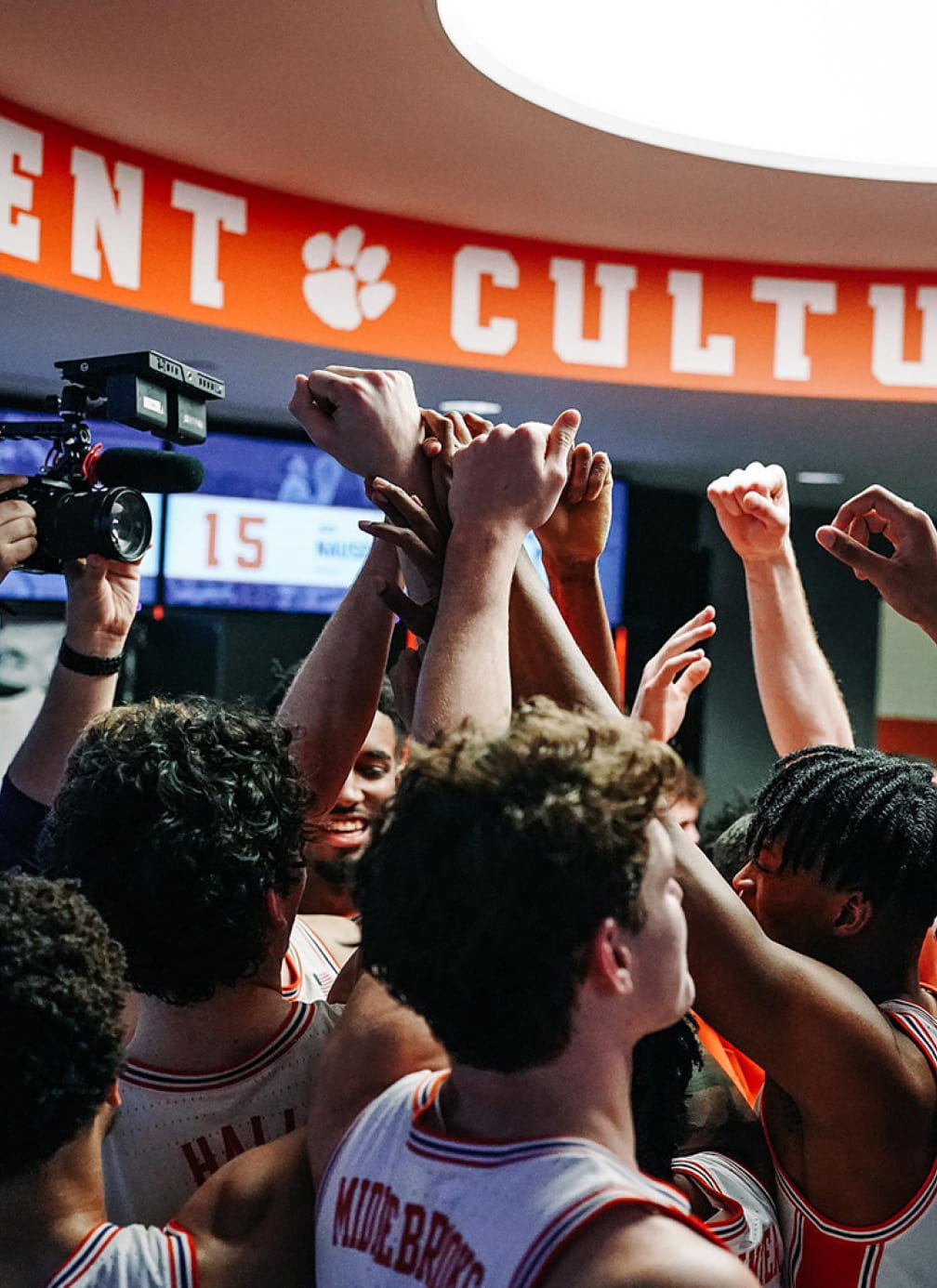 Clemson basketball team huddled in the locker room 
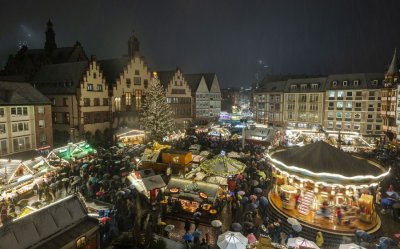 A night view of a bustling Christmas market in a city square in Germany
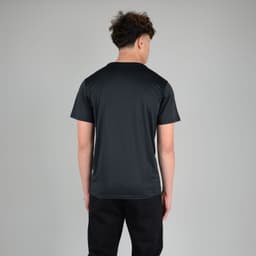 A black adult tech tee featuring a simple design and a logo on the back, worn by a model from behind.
==================================================
> [Your assignment]
What you return should match the material word for word, apart from the pictures.

> [Exercise output]
 Clemson basketball team huddled in the locker room 
 A night view of a bustling Christmas market in a city square in Germany
 A black adult tech tee featuring a simple design and a logo on the back, worn by a model from behind.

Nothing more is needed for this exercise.